Climbing costs of construction materials, such as lumber and steel, or any shocks to labor supply, can also make building new homes more expensive
Latest data from Realtor.com shows that housing inventory was up 30.6 percent year-over-year in April, home prices were flat, and the time homes spent on the market had expanded.
‘These dynamics suggest that the housing market is continuing to cool as would-be buyers wait for more favorable conditions before getting into the market,’ Jones said.
Separate data from Redfin forecasts that home prices will drop by 1 percent by the end of 2025, marking the end of more than a decade of almost uninterrupted price hikes.

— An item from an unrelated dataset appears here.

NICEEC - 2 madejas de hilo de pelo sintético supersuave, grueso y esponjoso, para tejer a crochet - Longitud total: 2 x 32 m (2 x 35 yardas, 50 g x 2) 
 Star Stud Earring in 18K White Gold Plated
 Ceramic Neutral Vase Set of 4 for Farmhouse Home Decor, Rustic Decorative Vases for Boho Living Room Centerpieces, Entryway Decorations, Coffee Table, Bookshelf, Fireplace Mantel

Florida and Texas are already seeing their red-hot housing markets cool, thanks also to punishingly high insurance premiums due to a higher risk of natural disasters.
And the cracks are also beginning to show in other areas across the US, including North Carolina and Louisiana.
Despite this, some experts are more positive about the future of the housing market.
‘The spring home shopping season is off to a slow start, but activity could just be delayed,’ Zillow’s Ng told the Daily Mail.
‘Economic uncertainty prompted many buyers to pause their home searches, and as that uncertainty fades we expect to see a modest increase in sales.
‘Buyers who jump back in will find a friendlier market than in recent springs, with more options, more time to consider their options and more sellers cutting prices.’